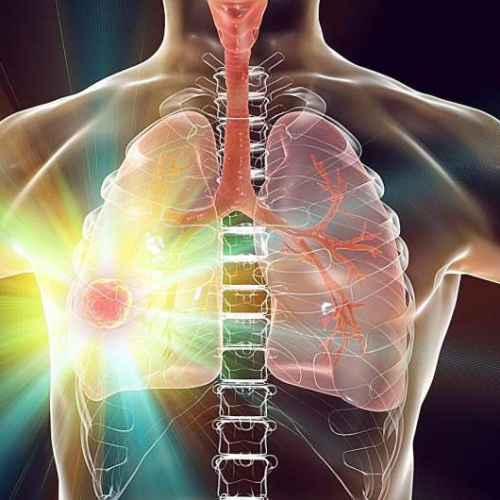 Lung complications + rheumatoid arthritis increase risk for lung cancer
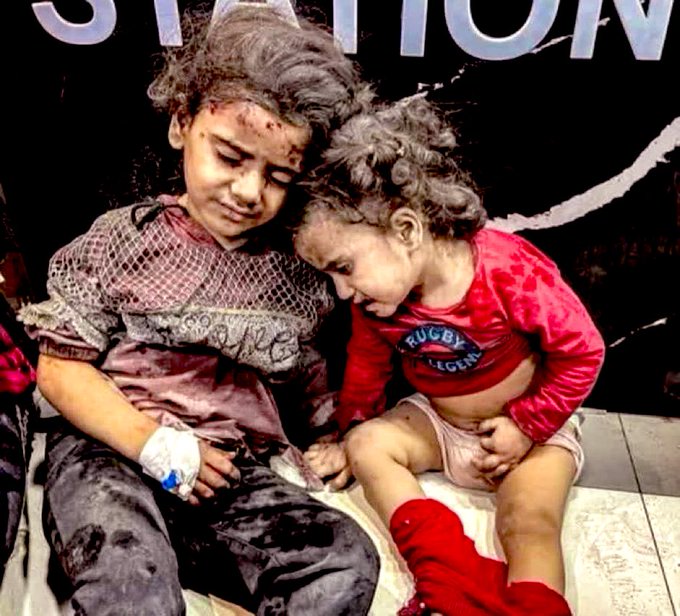 تصویر دردناک از دو  کودک زخمی در غزه+عکس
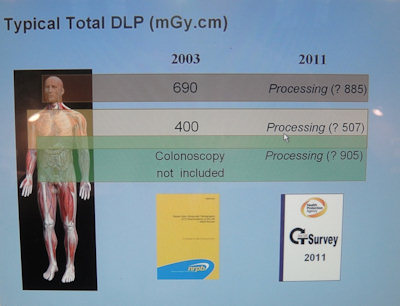 typical total DLP data
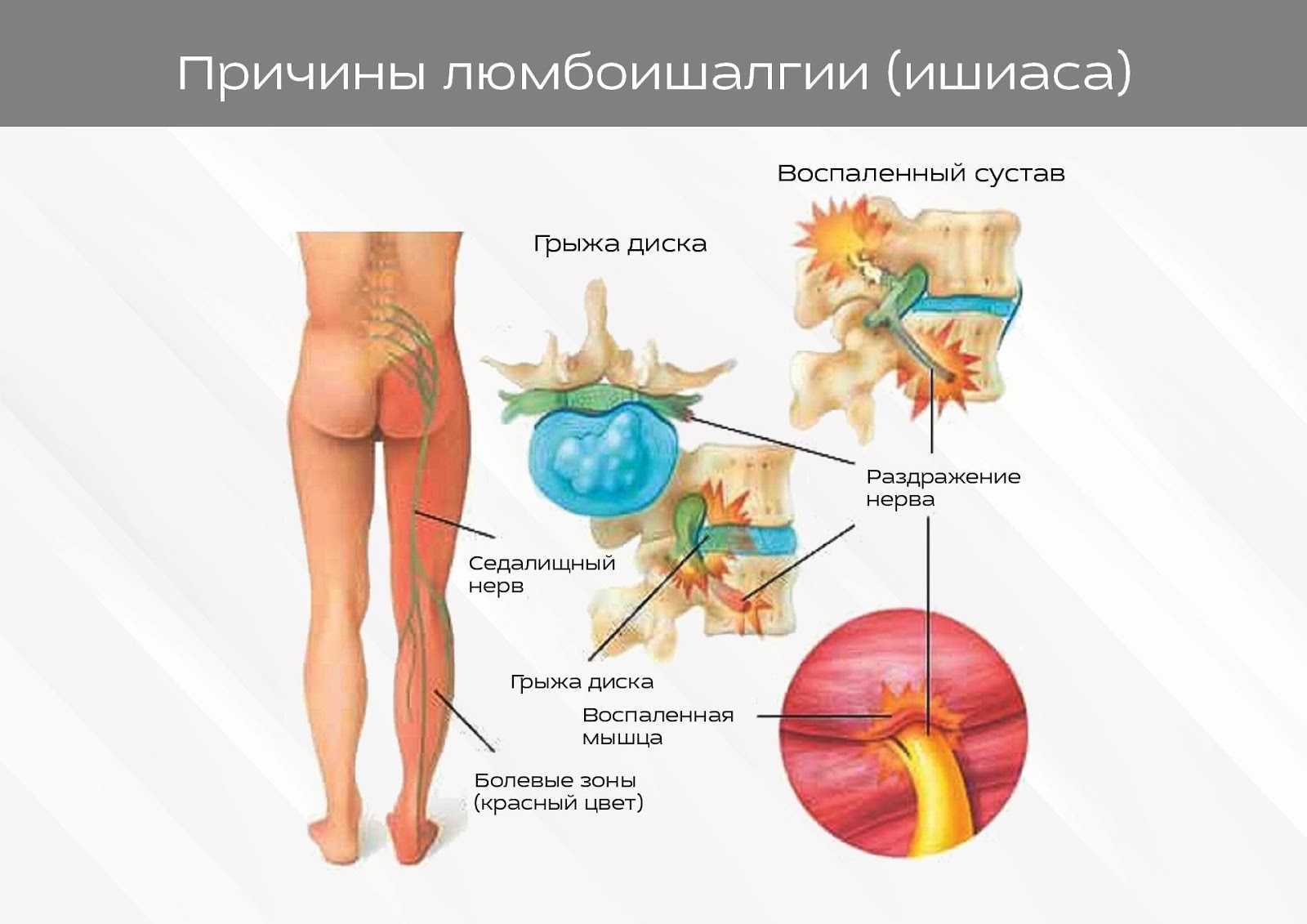 Схема лечения ишиаса медикаментозно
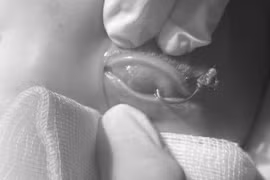 Đi câu cá, bé trai ở Nghệ An bị lưỡi câu găm vào mắt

▬▬▬▬▬▬

● **TASK DETAILS**: Reproduce every line above as written, skipping pictures.

● **TASK ANSWER**:
 Lung complications + rheumatoid arthritis increase risk for lung cancer
 تصویر دردناک از دو  کودک زخمی در غزه+عکس
 typical total DLP data
 Схема лечения ишиаса медикаментозно
 Đi câu cá, bé trai ở Nghệ An bị lưỡi câu găm vào mắt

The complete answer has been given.